The moral of the story is, if the furnace is blowing and you're not getting heat, there may be a blockage or partial blockage of the orifice. Last year, I noticed the popping sound quite a bit so this problem may have been with me for a while. The Gilligans are not at all worried about cleaning up installation debris, so who knows what kind of garbage could have gotten into the furnace when it was installed. Witness all the debris under the sofa, in cabinets, wheelwells, etc. If the customer can't see it, they don't bother cleaning it.


----------



## wolfwood (Sep 19, 2005)

Glad you go got it fixed in time for your trip!!


----------



## California Jim (Dec 11, 2003)

Ambitious! And well done


----------



## skippershe (May 22, 2006)

Well done Moosegut








Glad to hear you'll get to stay toasty on your trip


----------



## HootBob (Apr 26, 2004)

So glad to hear you got it straightened out and it's working great for you 
So now you can do some winter camping









Don


----------



## RizFam (Feb 25, 2006)

> The moral of the story is, if the furnace is blowing and you're not getting heat, there may be a blockage or partial blockage of the orifice.


That happened to us at Otter Lake & it was a lack of Gas problem not a blockage








Problem with a MUCH easier fix ..........









Tami


----------



## Gilligan (Aug 25, 2006)

Moosegut said:


> The Gilligans are not at all worried about cleaning up installation debris, so who knows what kind of garbage could have gotten into the furnace when it was installed. Witness all the debris under the sofa, in cabinets, wheelwells, etc. If the customer can't see it, they don't bother cleaning it.


If you find a half-eaten baloney sandwich, it is mine. I lost it while on my lunch-break.









Gilligan


----------



## PDX_Doug (Nov 16, 2004)

Moosegut,

Glad to hear you got your orifice cleaned out!







That should make camping much more comfortable.









Happy Trails,
Doug

(Hey, somebody had to say it!)


----------



## Scoutr2 (Aug 21, 2006)

That wasn't Gilligan's sandwich in that orifice, was it?


----------



## N7OQ (Jun 10, 2006)

Way to go, and look at all the money you saved doing it yourself.


----------



## Oregon_Camper (Sep 13, 2004)

PDX_Doug said:


> Moosegut,
> 
> Glad to hear you got your orifice cleaned out!
> 
> ...


...and we all wait for you to say it.


----------



## mountainlady56 (Feb 13, 2006)

Moosegut, 
I'm sorry for the problem you had. I'm certainly not gonna make fun of your dilemna or make a joke about it. Personally, I think it's a SHAME that Keystone thinks it's okay to leave trash/debris any and everywhere, especially around FLAMES!!! I also think it's a shame that their dealerships are allowed to make light of situations and not correct them properly. It's their sorryness (sp?) that caused YOU, who paid good money for their product, to have to do all that work, which should have been totally unnecessary!!
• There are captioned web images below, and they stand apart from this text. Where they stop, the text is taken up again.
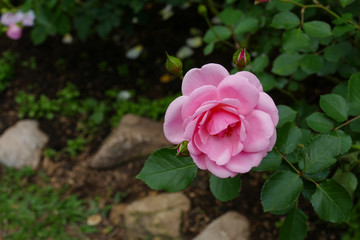 blooming pink rose in the garden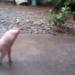video observing large pig with 2 legs strong will training causes emotion 117143
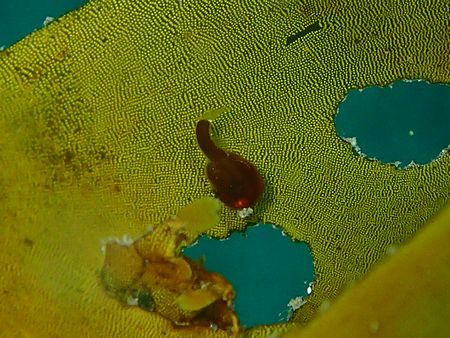 d0168345_2030747.jpg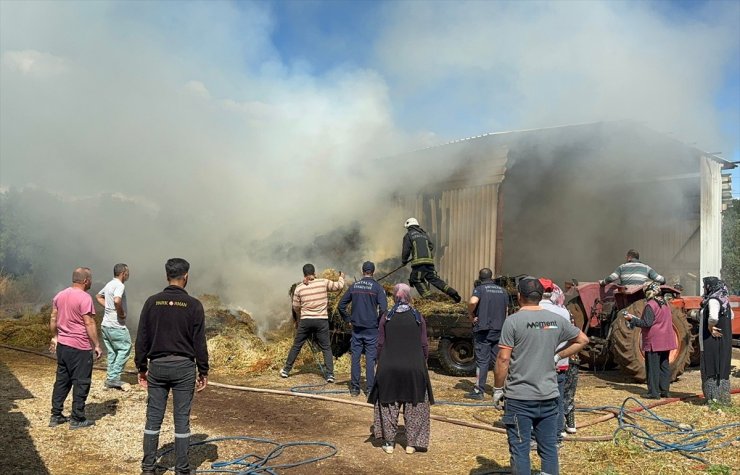 Antalya'da besihanede çıkan yangın hasara neden oldu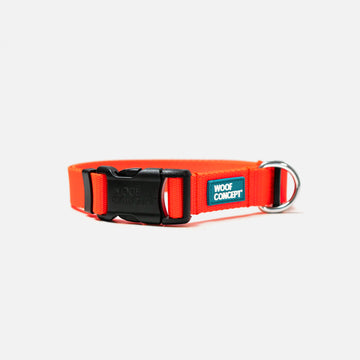 Dog Collar Orange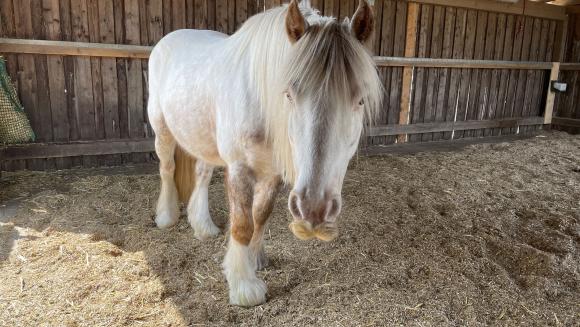 Man sieht das weiße Pferd "Chari"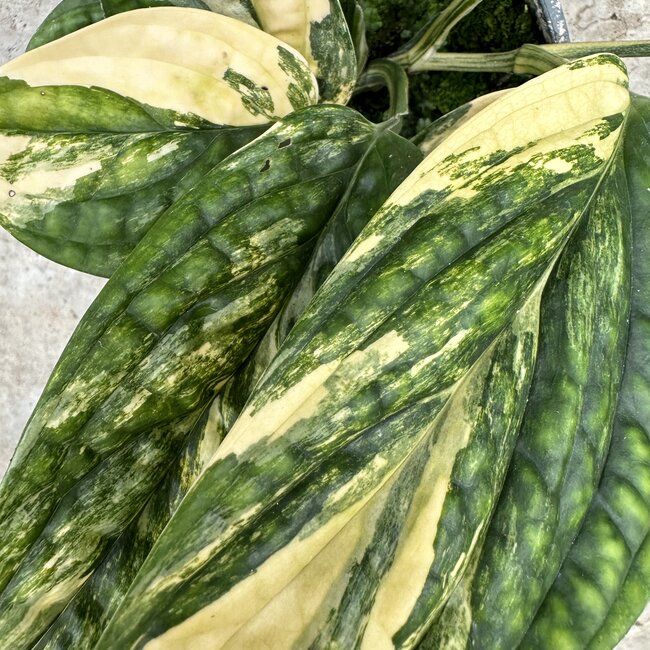 Karstenianum / Peru Variegata Ø14
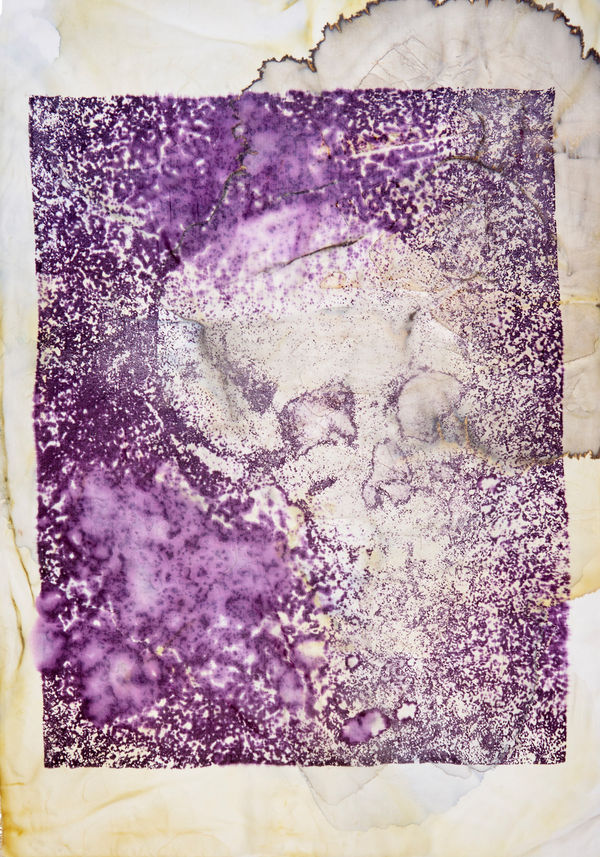 Douglas Mandry, Untitled (Vanity I), from the series Les Archives de la Planète, 2025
I complained that the furnace kept blowing styrofoam beads out of my furnace vents, and there was all kind of trash in them, and it was #6 on the Repair Order. Problem listing: "C/S that there is foam blowing from the furnace vents when turned on". Technician# blank, Cause blank, Solution blank, Bill hours 0!! Does that tell you anything???








Darlene


----------